DATA SHOWN Start Marker

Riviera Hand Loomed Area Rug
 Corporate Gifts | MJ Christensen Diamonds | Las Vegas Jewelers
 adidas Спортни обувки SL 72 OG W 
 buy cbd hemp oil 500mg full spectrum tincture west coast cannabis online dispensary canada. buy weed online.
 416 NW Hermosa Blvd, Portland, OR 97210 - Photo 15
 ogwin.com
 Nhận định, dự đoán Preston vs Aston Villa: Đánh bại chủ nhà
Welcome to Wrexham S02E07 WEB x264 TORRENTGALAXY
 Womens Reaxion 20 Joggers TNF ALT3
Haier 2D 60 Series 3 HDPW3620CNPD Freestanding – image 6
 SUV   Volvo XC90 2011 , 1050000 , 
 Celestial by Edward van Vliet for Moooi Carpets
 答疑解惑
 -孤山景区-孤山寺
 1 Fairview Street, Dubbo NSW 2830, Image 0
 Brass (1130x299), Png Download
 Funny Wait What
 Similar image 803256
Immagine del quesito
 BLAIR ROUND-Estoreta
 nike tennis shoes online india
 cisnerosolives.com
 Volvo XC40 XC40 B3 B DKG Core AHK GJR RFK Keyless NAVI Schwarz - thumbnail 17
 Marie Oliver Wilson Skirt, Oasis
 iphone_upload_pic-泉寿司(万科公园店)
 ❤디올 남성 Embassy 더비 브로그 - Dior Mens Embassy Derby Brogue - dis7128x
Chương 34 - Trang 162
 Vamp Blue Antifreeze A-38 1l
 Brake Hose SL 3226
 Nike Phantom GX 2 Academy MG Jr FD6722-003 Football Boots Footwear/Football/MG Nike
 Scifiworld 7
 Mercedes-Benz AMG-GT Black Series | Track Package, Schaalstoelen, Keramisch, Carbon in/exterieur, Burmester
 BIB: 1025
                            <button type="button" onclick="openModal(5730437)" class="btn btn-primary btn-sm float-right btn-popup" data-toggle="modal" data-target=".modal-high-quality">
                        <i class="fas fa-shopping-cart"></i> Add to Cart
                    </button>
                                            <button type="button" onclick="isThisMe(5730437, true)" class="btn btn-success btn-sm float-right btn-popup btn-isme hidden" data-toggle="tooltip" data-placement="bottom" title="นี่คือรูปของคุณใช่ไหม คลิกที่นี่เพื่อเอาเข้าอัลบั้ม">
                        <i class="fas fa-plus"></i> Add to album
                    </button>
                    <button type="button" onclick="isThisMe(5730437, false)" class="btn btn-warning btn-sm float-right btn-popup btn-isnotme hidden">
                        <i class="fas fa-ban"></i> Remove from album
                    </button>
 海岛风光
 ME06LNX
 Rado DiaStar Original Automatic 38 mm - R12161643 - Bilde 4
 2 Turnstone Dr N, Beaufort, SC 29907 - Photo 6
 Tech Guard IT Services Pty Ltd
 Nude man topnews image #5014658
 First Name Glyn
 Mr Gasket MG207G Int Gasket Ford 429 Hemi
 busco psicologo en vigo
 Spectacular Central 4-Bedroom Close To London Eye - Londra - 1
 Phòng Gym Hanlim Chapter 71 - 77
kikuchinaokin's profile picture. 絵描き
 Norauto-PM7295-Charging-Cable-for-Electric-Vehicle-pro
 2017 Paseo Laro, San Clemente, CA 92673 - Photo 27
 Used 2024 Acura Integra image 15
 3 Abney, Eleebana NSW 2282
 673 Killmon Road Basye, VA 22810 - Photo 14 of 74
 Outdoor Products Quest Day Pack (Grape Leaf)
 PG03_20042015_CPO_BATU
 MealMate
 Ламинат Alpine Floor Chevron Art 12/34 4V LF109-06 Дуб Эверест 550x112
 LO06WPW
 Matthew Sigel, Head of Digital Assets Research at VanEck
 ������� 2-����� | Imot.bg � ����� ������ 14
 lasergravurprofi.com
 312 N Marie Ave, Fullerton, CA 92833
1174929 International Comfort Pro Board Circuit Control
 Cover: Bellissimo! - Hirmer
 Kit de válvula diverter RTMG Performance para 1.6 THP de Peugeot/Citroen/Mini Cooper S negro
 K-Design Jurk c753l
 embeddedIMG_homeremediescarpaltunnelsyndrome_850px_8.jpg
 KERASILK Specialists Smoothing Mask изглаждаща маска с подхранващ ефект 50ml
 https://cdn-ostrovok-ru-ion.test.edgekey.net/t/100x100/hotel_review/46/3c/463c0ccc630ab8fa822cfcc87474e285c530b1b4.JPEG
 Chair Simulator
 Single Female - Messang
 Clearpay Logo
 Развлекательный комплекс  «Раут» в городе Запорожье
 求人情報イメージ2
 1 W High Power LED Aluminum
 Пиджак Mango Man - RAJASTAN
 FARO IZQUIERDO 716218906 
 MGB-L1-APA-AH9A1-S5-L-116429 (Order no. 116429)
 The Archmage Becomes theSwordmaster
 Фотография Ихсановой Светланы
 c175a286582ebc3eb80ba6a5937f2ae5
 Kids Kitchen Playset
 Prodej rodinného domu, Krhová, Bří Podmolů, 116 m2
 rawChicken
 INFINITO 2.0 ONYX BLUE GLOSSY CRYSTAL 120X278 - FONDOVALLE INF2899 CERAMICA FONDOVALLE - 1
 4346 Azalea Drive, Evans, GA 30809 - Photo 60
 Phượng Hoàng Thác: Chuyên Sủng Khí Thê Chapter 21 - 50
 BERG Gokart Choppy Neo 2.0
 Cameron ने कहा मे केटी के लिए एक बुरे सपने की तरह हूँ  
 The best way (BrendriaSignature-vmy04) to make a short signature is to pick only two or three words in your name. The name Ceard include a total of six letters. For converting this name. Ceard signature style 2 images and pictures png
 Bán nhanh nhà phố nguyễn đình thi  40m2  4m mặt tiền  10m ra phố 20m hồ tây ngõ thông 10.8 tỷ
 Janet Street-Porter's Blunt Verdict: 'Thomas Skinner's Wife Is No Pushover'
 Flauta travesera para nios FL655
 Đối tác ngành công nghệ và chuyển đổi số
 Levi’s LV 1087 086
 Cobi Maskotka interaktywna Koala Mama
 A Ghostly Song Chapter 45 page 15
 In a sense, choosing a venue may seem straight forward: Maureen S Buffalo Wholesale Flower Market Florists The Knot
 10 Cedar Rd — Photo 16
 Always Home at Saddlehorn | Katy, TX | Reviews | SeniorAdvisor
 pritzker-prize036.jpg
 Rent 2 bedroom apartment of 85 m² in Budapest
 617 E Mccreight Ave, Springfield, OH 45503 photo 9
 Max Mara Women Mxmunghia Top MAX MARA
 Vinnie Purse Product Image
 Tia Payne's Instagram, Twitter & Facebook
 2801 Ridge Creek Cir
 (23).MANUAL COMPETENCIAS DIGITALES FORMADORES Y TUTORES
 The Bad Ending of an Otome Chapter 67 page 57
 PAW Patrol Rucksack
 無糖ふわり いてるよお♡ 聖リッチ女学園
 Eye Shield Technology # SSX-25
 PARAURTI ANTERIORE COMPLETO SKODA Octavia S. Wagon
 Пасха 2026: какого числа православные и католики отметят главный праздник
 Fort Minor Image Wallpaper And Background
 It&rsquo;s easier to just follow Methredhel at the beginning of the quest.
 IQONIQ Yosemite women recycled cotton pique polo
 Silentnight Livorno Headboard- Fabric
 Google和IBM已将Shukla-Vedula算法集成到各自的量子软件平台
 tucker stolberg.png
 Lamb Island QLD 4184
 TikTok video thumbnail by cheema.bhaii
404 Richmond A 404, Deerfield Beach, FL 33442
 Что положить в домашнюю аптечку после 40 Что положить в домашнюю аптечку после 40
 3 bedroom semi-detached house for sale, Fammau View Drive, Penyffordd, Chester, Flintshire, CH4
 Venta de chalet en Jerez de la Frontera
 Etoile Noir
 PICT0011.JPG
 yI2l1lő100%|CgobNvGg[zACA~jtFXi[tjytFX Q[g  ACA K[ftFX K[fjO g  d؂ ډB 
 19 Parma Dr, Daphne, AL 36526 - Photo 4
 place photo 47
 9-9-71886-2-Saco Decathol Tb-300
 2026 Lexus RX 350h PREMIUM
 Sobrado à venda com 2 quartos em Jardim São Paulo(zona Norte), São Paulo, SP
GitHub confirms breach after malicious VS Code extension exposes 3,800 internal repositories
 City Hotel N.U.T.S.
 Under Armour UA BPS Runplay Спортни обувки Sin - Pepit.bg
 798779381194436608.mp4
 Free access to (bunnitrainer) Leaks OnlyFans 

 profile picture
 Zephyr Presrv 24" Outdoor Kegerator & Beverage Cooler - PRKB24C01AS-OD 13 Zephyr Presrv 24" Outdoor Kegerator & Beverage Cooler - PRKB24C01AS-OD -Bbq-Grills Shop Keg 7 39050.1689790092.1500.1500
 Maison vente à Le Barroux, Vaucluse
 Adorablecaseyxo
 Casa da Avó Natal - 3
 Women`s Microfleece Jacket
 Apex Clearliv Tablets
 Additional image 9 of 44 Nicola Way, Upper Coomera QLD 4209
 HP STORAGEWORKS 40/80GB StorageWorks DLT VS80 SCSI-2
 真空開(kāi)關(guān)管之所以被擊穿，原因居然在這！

DATA SHOWN End Marker

[EXERCISE PROMPT] Your answer should consist solely of the lines above from the line with "Outdoor Products Quest Day Pack (Grape Leaf)" to the line with "Cover: Bellissimo! - Hirmer", both included, reproduced exactly.

[PROBLEM SOLUTION]
 Outdoor Products Quest Day Pack (Grape Leaf)
 PG03_20042015_CPO_BATU
 MealMate
 Ламинат Alpine Floor Chevron Art 12/34 4V LF109-06 Дуб Эверест 550x112
 LO06WPW
 Matthew Sigel, Head of Digital Assets Research at VanEck
 ������� 2-����� | Imot.bg � ����� ������ 14
 lasergravurprofi.com
 312 N Marie Ave, Fullerton, CA 92833
1174929 International Comfort Pro Board Circuit Control
 Cover: Bellissimo! - Hirmer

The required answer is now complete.